== RECORDS PROVIDED ==
────
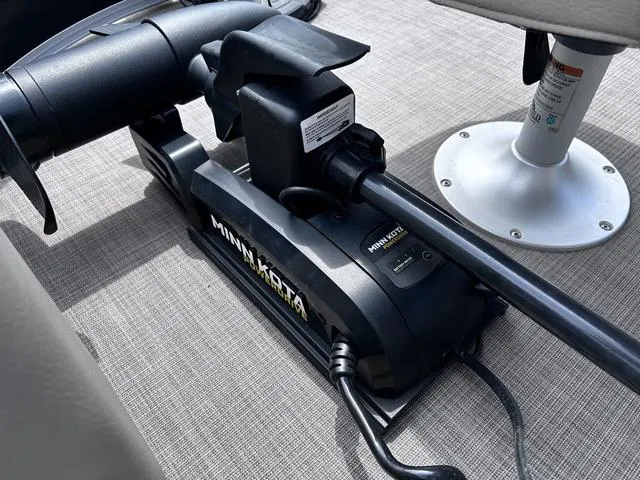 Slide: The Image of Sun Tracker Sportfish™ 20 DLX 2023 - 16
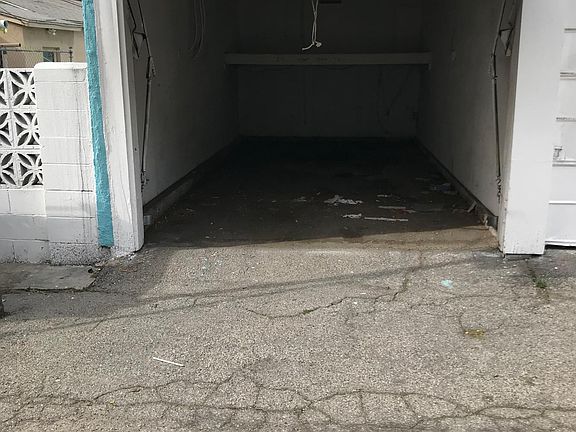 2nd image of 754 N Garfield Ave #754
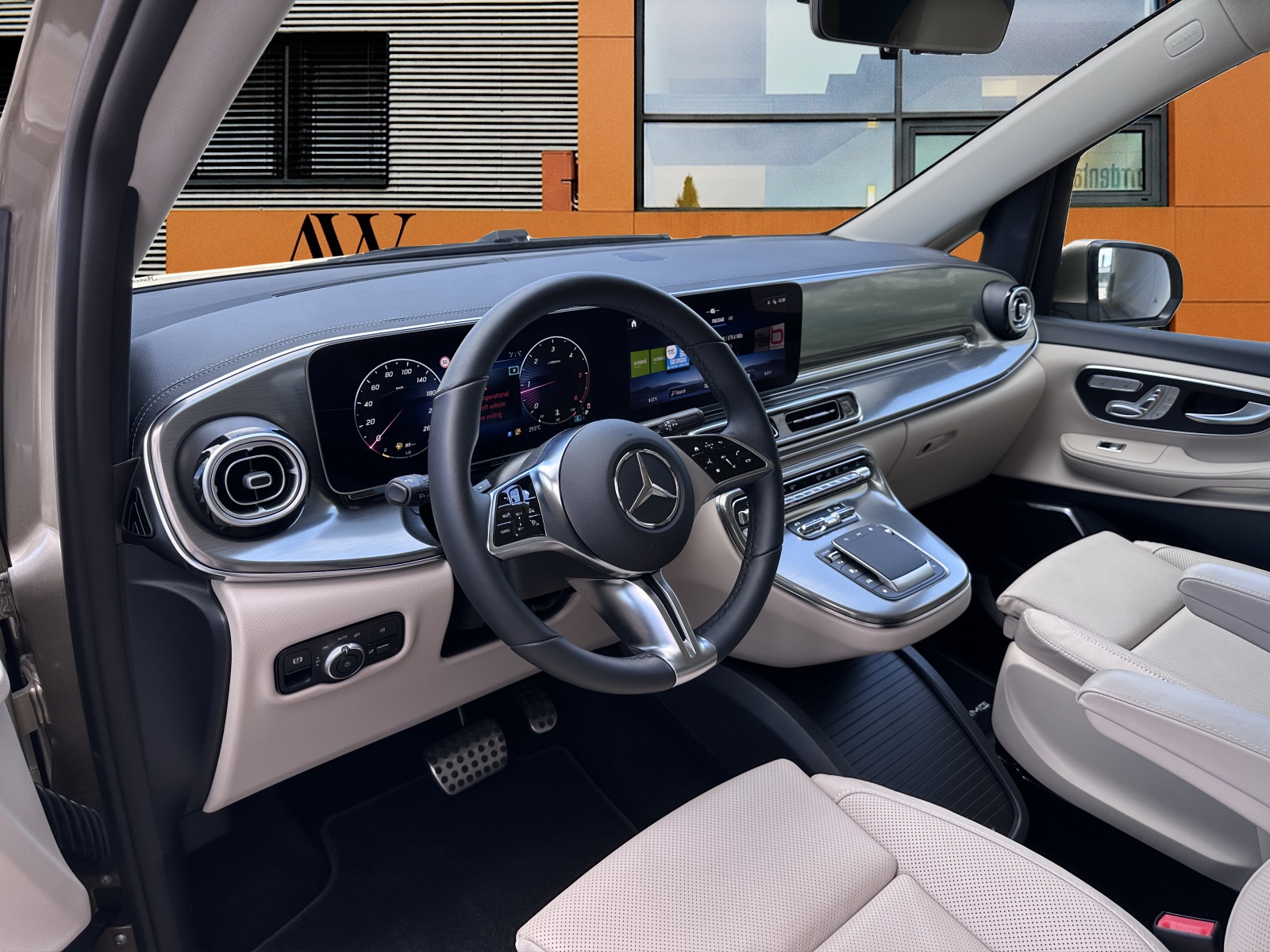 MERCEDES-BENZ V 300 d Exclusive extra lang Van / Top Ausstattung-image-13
────
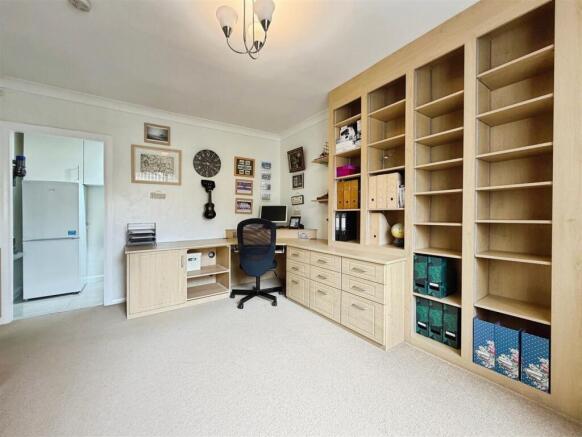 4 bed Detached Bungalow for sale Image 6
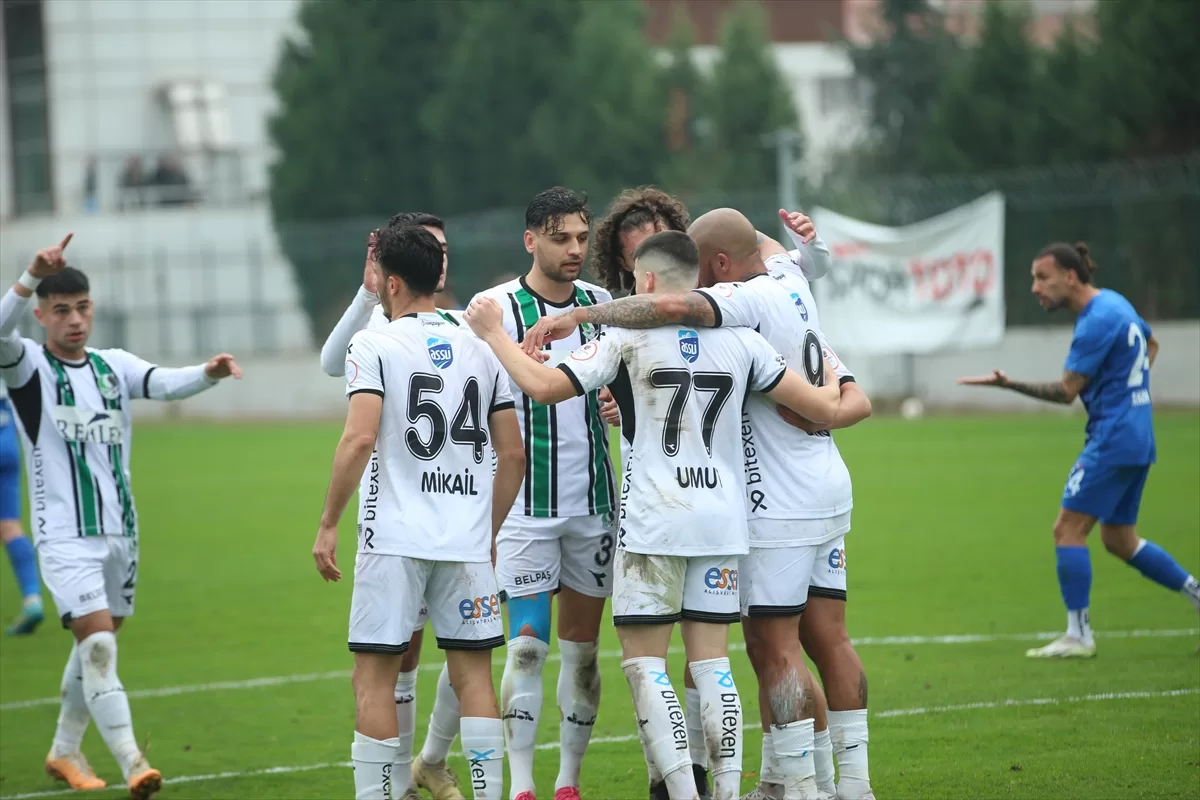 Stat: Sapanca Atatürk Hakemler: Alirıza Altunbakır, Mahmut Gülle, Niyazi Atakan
────
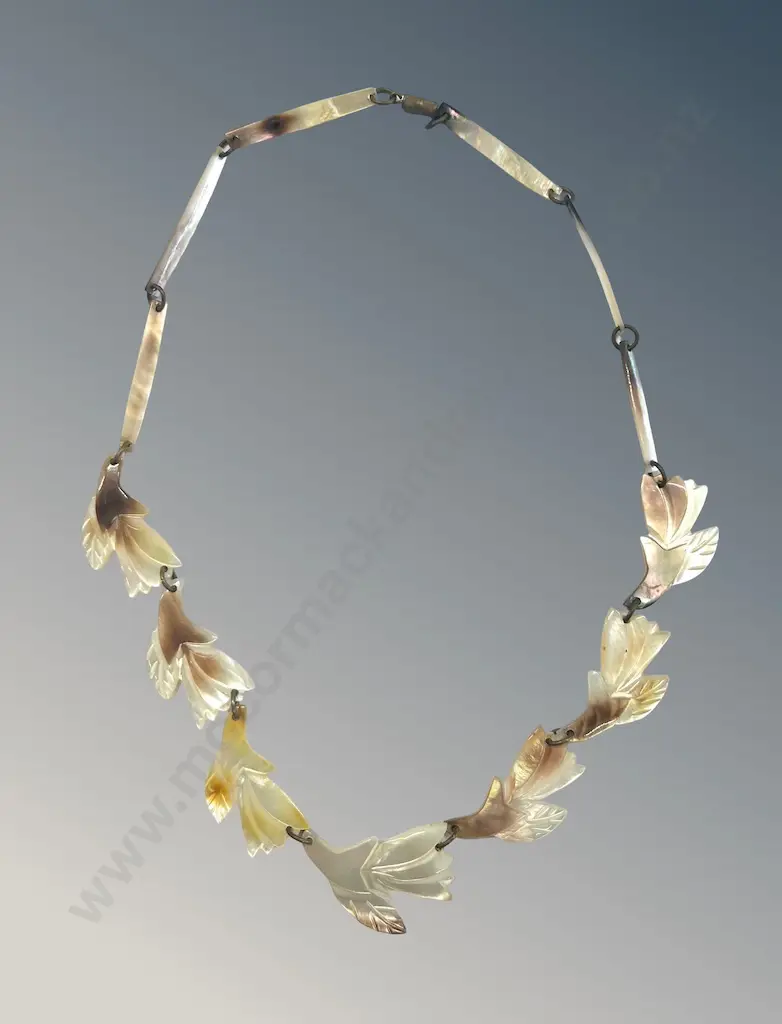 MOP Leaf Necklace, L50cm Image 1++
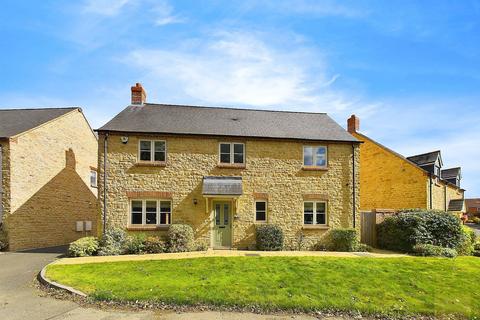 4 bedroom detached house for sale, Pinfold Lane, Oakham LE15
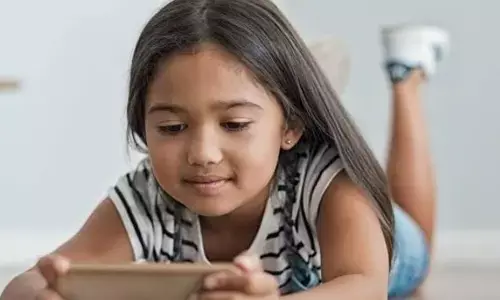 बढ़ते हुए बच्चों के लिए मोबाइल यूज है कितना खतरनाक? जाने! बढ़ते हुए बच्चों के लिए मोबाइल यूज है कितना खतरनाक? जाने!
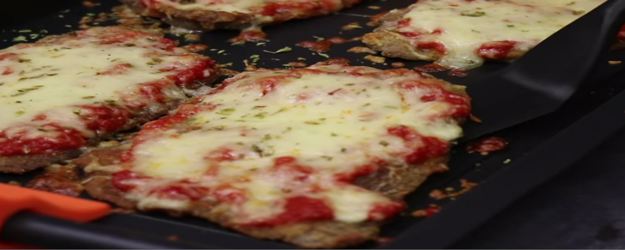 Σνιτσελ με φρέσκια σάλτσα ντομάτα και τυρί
────
== TASK ITEM ==
In the entries above, which lines run from the one with "Slide: The Image" up to and including the one with "MERCEDES-BENZ V 300"? Write them out exactly, without the pictures.

== RESPONSE ==
 Slide: The Image of Sun Tracker Sportfish™ 20 DLX 2023 - 16
 2nd image of 754 N Garfield Ave #754
 MERCEDES-BENZ V 300 d Exclusive extra lang Van / Top Ausstattung-image-13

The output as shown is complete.